Матрица бунта — страница 70 из 100

Догадайтесь, чем закончится роман! Нет, не свадьбой, это старо, но фактически брачной ночью и, что важнее, брачным утром.

Мир книги Зайончковского укомплектован, как правильный конструктор из серии «Я познаю мир»: грузовики и кошки, поезда и воробьи, дворы и парки, дети и старушки, подвалы и голуби. Все это подробно, пространно, с удовольствием описывается, вплоть до того, как хвост мешал кошке охотиться, как люди «боком» ездят в метро, как собирали палатку, как шумит школа и как работают машины на стройке…

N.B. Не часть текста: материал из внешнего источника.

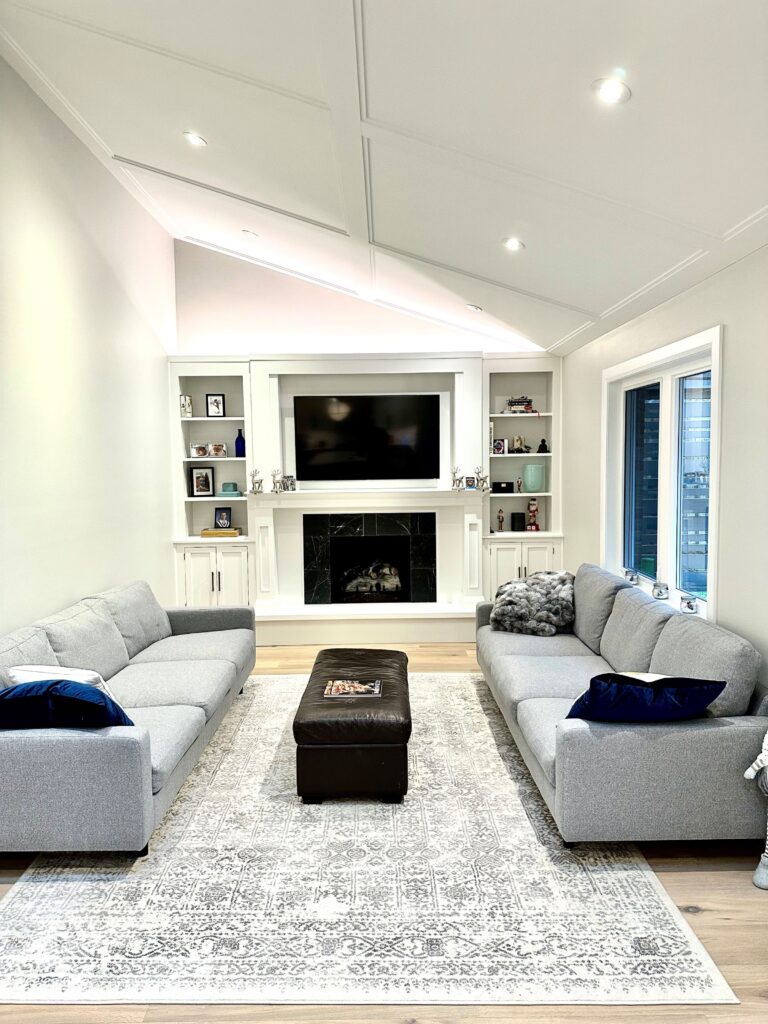 A modern living room with two gray sofas facing each other, a patterned rug, a dark ottoman, and a white fireplace with a large TV above it. Built-in shelves hold decor items, and large windows let in natural light.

В какой-то момент чувствуешь, что обманываешь автора. Что тебе должно быть лет на — цать меньше: роман начинает глядеть дидактическим повествованием для детей. По сути, в романе два голоса: удивленный Петровичев и всеобъясняющий голос наставительного рассказчика. Текст романа не раз всерьез посвящает себя воспроизведению известных формул, принятых образов и ассоциаций, приводит поговорки и набившие оскомину мудрости — такое впечатление, что роман учит маленького читателя судить о мире, воспринимать его в рамках нормальных, то есть принятых, воспроизводимых от поколения к поколению, представлений.

Дети (Петрович) так не думают — так их учат думать и отвечать на уроке в школе на вопрос типа «За что я люблю книгу?»: «С помощью книжки, — втихаря подсказывает добрый автор, — можно было путешествовать в такие места, куда не дойдут никакие … ноги».

Поучительно прилежание в труде, проявленное Петровичем на рыбалке: «Вылезать из палатки не хотелось, но долг повелевал. Сидеть сложа руки путешественнику не пристало, ведь нянек на природе нет».

Познавательны описание «извечного противостояния» дней и ночей, иллюстрация к «мудрой пословице про грабли», замечание о том, что если осуществимые мечты «греют» душу, то несбыточные «могут ее испепелить».

Доступно излагает мысль прием одушевления, необыкновенно частый в романе: свойство именно детской литературы объяснять все события простыми эмоциями вещей.

Радует подборка четырех описаний осени: укороченные дни (познавательный образ об устройстве мира), засыпающие мухи (картины природы), «что поделаешь, осень. Печальная, в сущности, пора» (образец рассуждения, прививающий стереотип отношения к предмету речи), «осень уже не стесняясь сыпала листьями» (одушевление, воспитывающее поэтизм мышления). Снег — вата, воробьи — сорванцы, злая женщина — с ярко накрашенными губами, злая воспитательница — в очках, злая девочка — рыжая, хорошая девочка — синегла… ах да, мы об этом уже сказали.

Дидактическое — скажем так: стилизованное под миф о добром старом детстве, когда нам читали такие вот вроде бы книжки, — дидактическое построение романа особенно видно в этическом плане воспитания Петровича. Героя (и нас) приучают к педагогическому закону жизни, который никогда, кроме как в детстве, рядом с родителями, не срабатывает так буквально, как в романе Зайончковского.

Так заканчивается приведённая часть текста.